I'm using the {zipcodeR}
package. My goal is to obtain an area-code-to-zipcode reference table to incorporate the rest of the data contained in output data frames from that package, to join to other data on area code.
However, the area_code_list
column comes in a blob
data type as per the column types. I'm not familiar with this data type and don't know how to extract it. Neither the package vignettes nor documentation seem to point to any helper functions for this task. Looking at str()
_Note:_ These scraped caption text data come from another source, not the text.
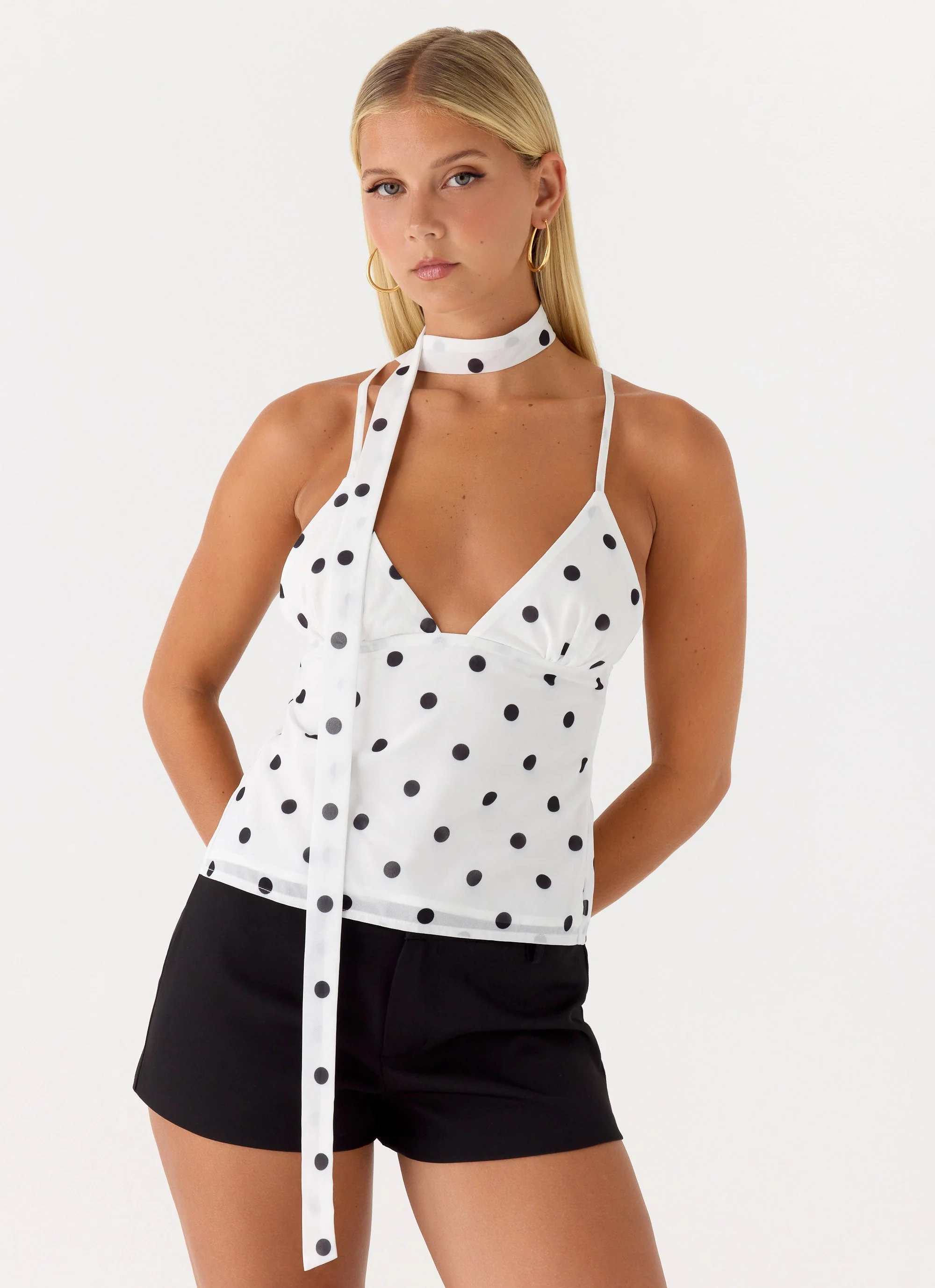 Quiero Backless Top - White Polka Dot - Image 5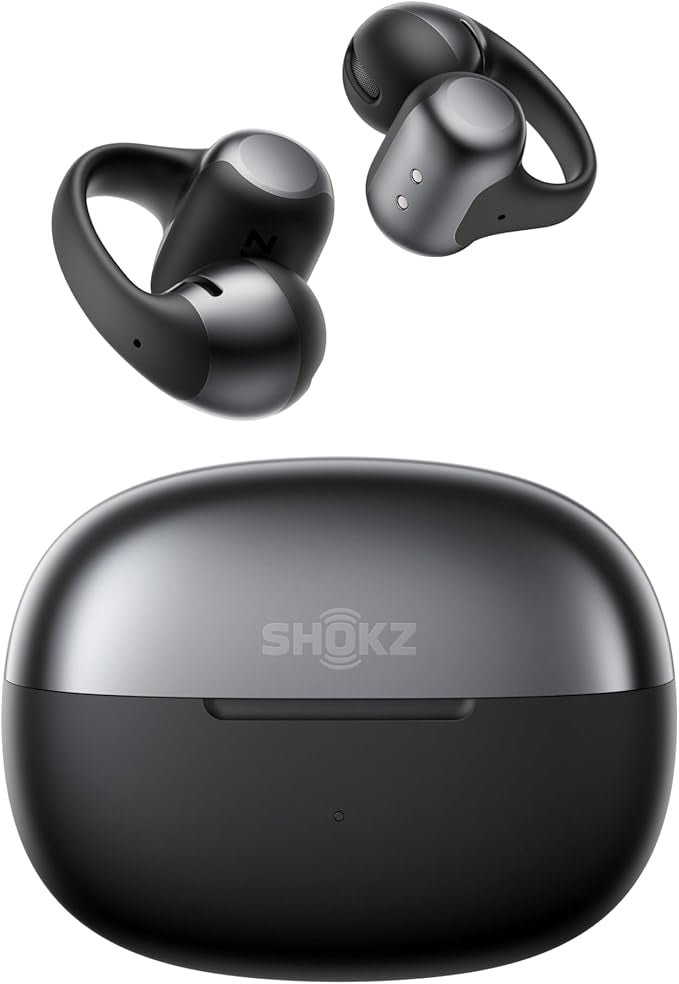 SHOKZ OpenDots ONE Open Ear Headphones, Premium Dolby Audio 6.5g Clip On Earbuds 40 hrs Playtime, Bluetooth 5.4, Wireless Earphones with Mic, Fast Charging, IP54, with Cleaning Cloth, Commuting- Black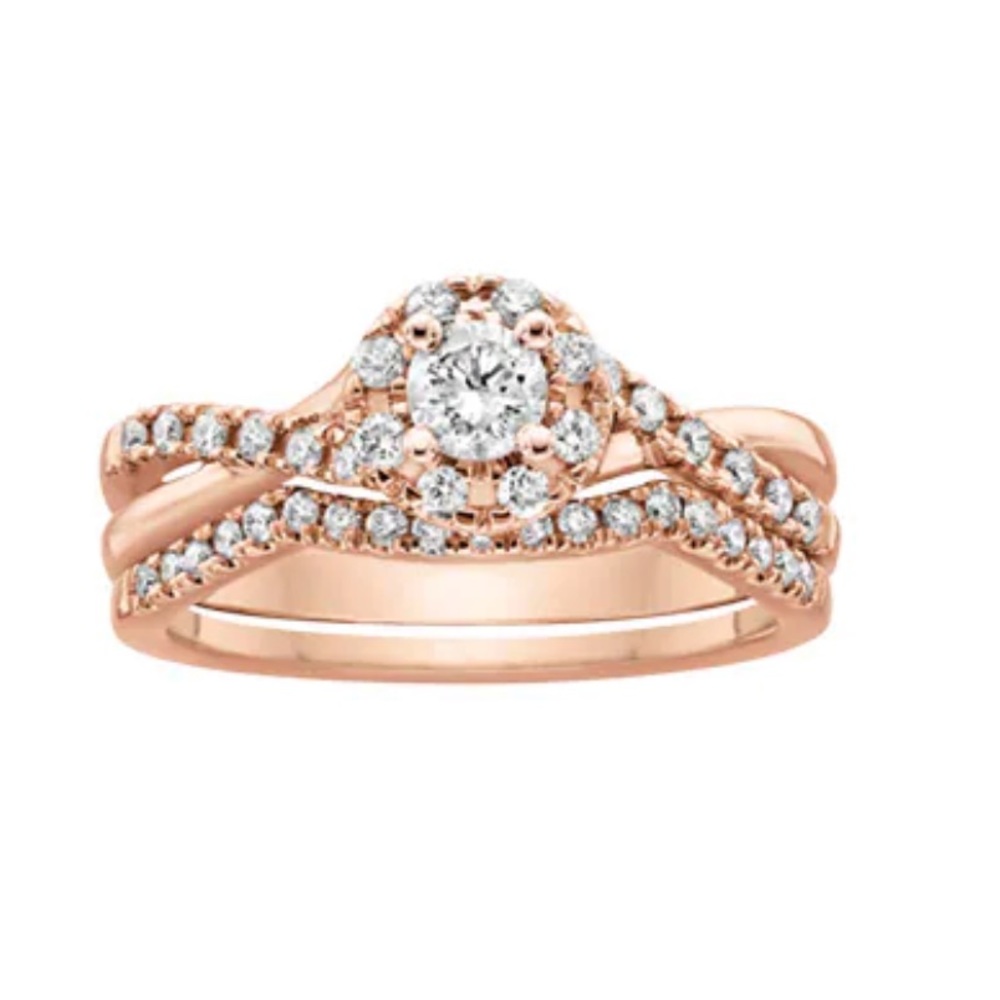 SOLD 5/8 ct. tw. Diamond Wedding Set 10K Rose Gold SOLD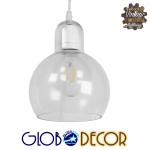 GloboStar® LUCREZIA 01314 Μοντέρνο Κρεμαστό Φωτιστικό Οροφής Μονόφωτο 1 x E27 Γυάλινο Διάφανο Φ18 x Υ23cm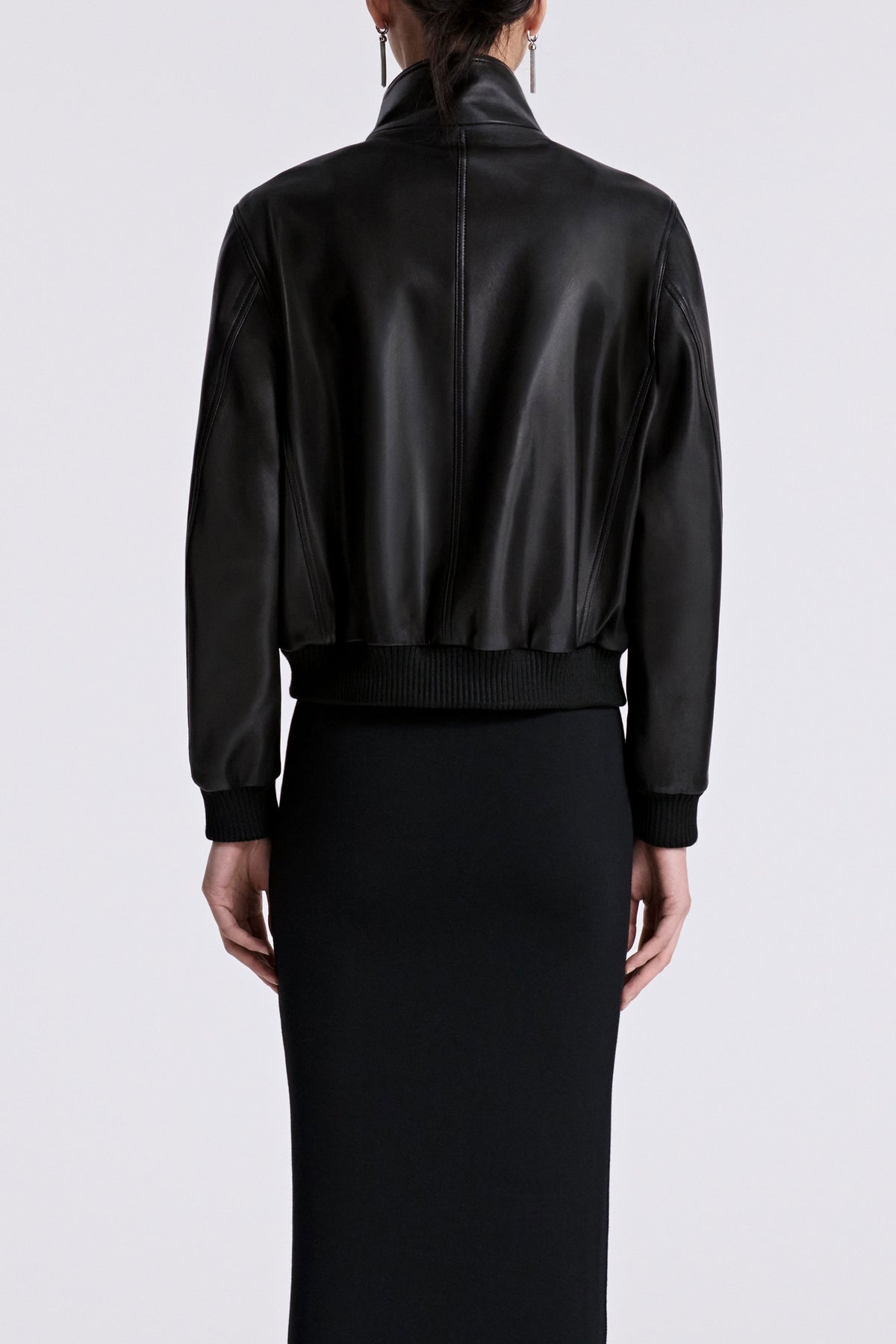 Model is Wearing Nour Hammour Rios Classic Leather Bomber Noir Classique - Back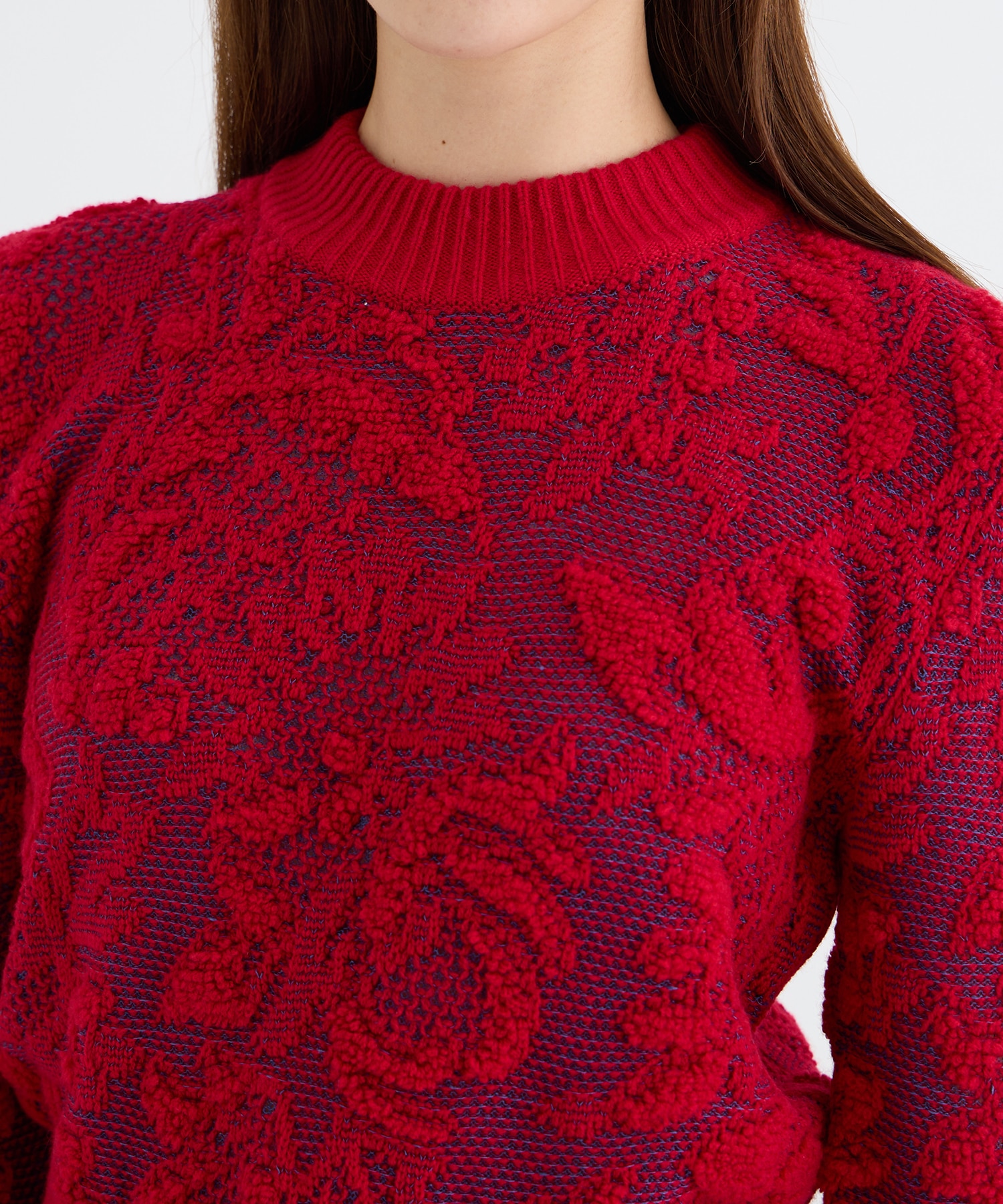 SQUARE SHOULDER LACE JACQUARD SWEATER PHOTOCOPIEU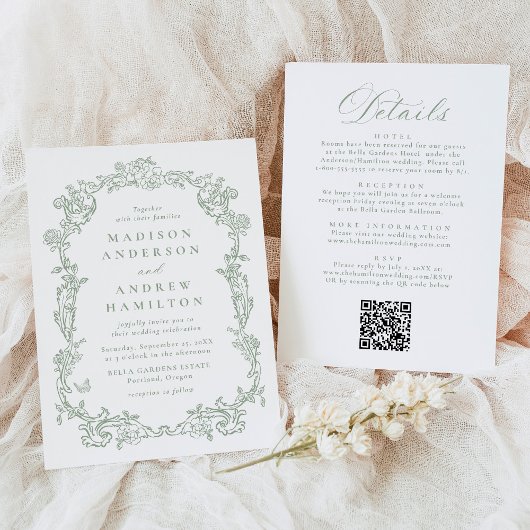 Sage Green Victorian Floral All in One Wedding 招待状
, it seems the underlying type is raw
.
Ideally, I'd have one row per zipcode-area code combo as my final output. I appreciate any help.
search_state("CA") %>%
filter(zipcode %in% c("90201", "90210")) %>%
select(zipcode, area_code_list)
# Current output
# # A tibble: 2 × 2
# zipcode area_code_list
# <chr> <blob>
# 90201 <raw 15 B>
# 90210 <raw 26 B>
# Ideal output
# # A tibble: 3 × 2
# zipcode area_code_list
# <chr> <chr>
# 90201 323
# 90210 310
# 90210 424
zipcodeR
seems to get its ZCTA database from this US Zipcode Project. Looking around at the project's python package internals, the area_code_list
is typed as a CompressedJSONType
in that python code.
I guessed, but it looks like it was compressed with Gzip. We can verify this using jsonlite
to parse the column:
zipcodeR::search_state("CA") %>%
dplyr::filter(zipcode %in% c("90201", "90210")) %>%
dplyr::select(zipcode, area_code_list) %>%
dplyr::mutate(area_code_list = sapply(area_code_list, jsonlite::parse_gzjson_raw)) %>%
tidyr::unnest_longer(col = area_code_list)
#> # A tibble: 4 × 2
#> zipcode area_code_list
#> <chr> <chr>
#> 1 90201 323
#> 2 90210 310
#> 3 90210 323
#> 4 90210 424